Lenders told to help struggling borrowers

Mortgage lenders could be forced to improve the way they support borrowers who have gone into arrears and face repossession, following a meeting with the government.

Chancellor Alistair Darling has met with representatives of the mortgage banking sector to discuss what the industry can do to help borrowers hit by the credit crunch.

As a result, lenders have been given one month to review the way they deal with borrowers who are unable to make their monthly mortgage repayments.

Currently, mortgage lenders are regulated by the Financial Services Authority and are therefore obliged to follow strict rules about how their treat their customers – including only moving to repossession as a last resort.

Lenders are also able to follow voluntary codes of conduct that include providing debt information to customers, communicating with debt advisors and actively identifying at-risk borrowers facing repossession.

However, for some time there have been concerns that lenders are too aggressive when it comes to repossessing homes from people who have not kept up their repayments.

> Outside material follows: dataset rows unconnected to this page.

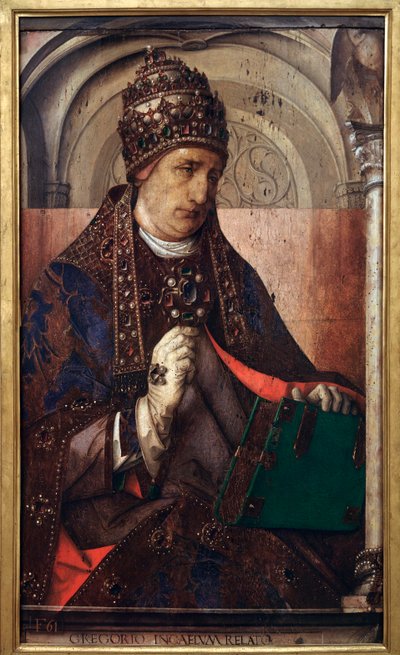 Papa I. Gregory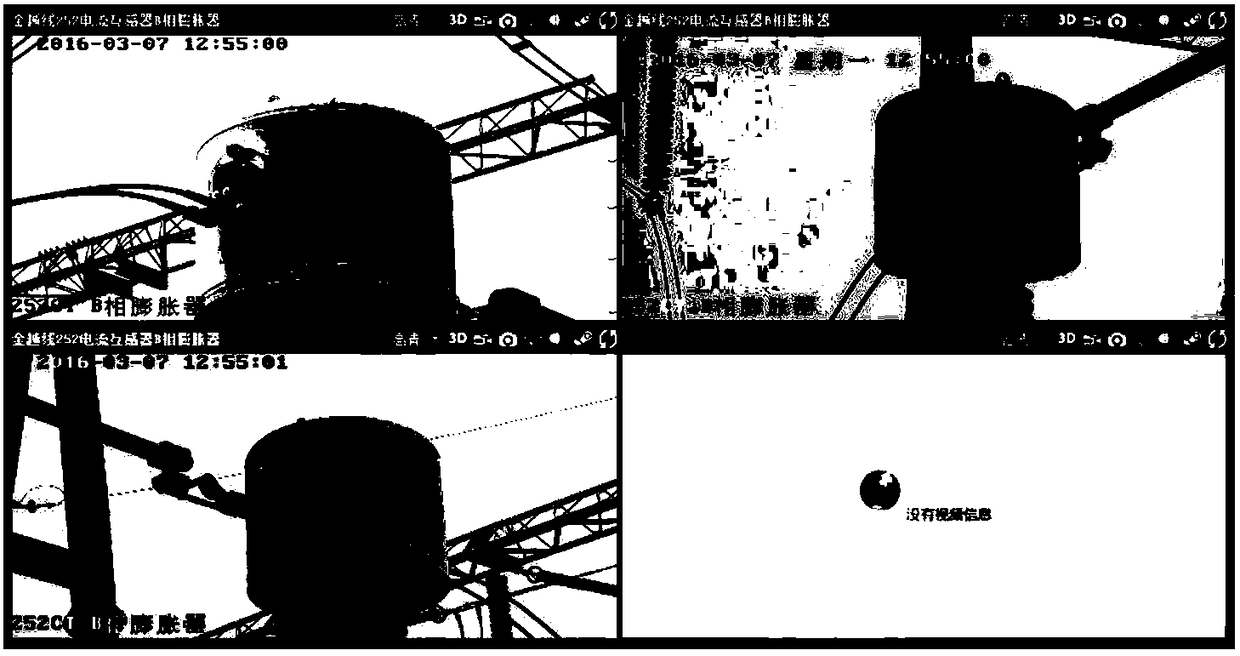 A remote intelligent inspection system for substations and its implementation method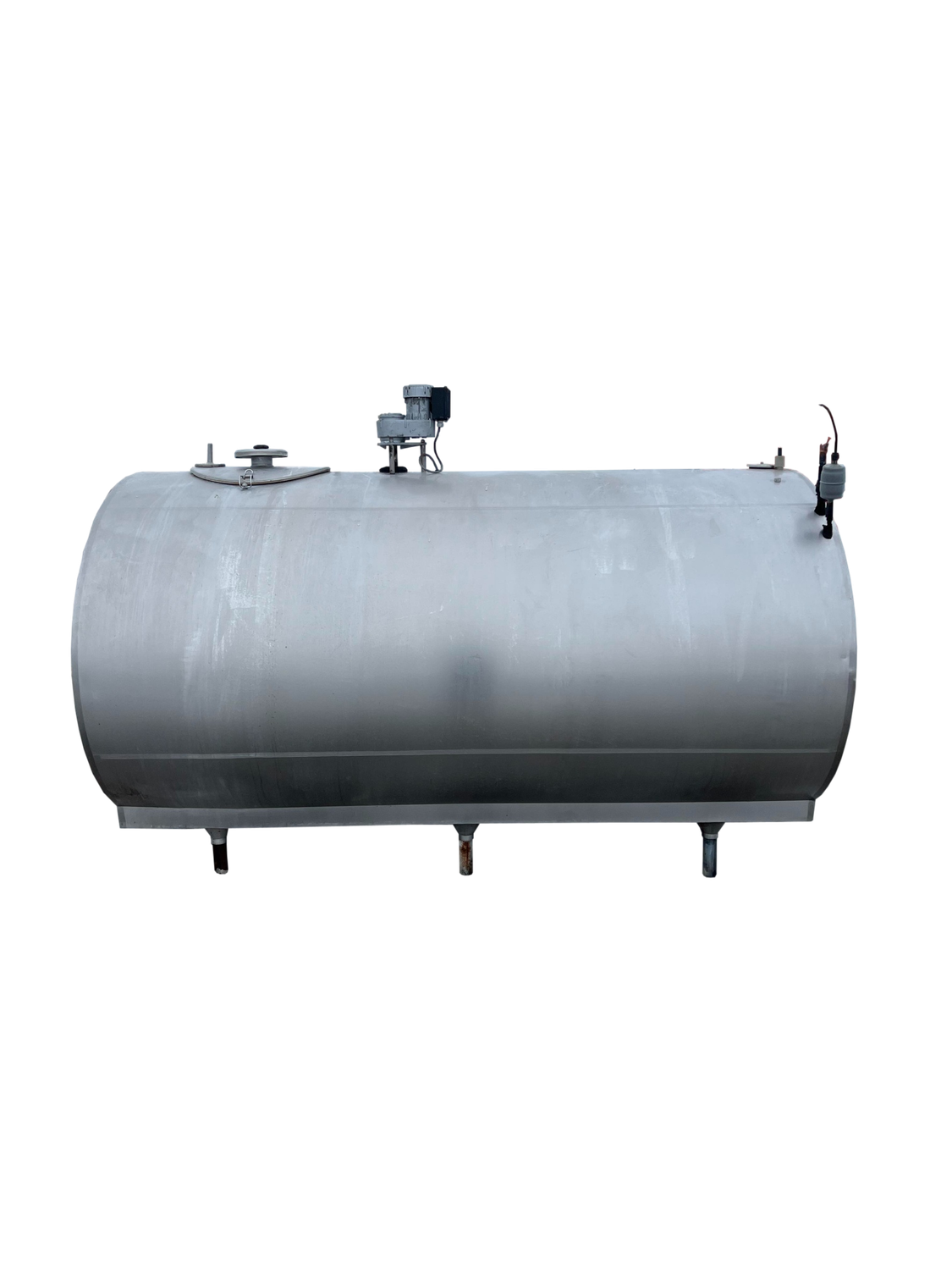 Used 800 Gallon Dari-Kool - # 3684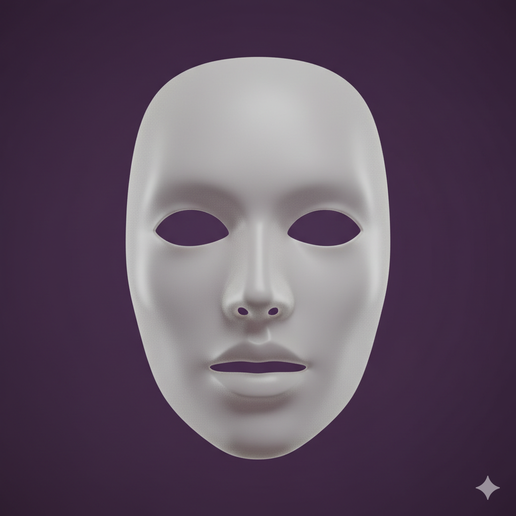 theater mask STL, low poly mask STL, broken face mask STL, vampire mask STL, printable mask, cosplay face mask STL, animal skull mask STL, high detail mask STL, realistic mask STL, ornate mask STL, medieval mask STL, creepy smile mask STL, devil mask STL,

They have also been criticised for inflicting fines on people who miss a payment, and failing to inform borrowers’ financial advisors when they fall into difficulties.

As a result of the meeting with Darling, lenders have now been ordered to review their voluntary arrangements, codes and other commitments and report back to ministers by the end of May.

Lenders will also have to improve the way they identify borrowers facing payment shock as their fixed rate deals come to an end.

Darling says: “I welcome the arrangements that the industry has in place and will continue to build upon, to address the concerns of borrowers in difficulty. I hope that lenders continue to take their responsibilities towards customers seriously.”

Michael Coogan, director general of the Council of Mortgage Lenders, adds that lenders will work with the government to ensure as few borrowers as possible face the threat of repossession.

He says: “Early contact with the lender before a payment is missed should ensure the widest range of options is available so customers can help themselves avoid payment shock.”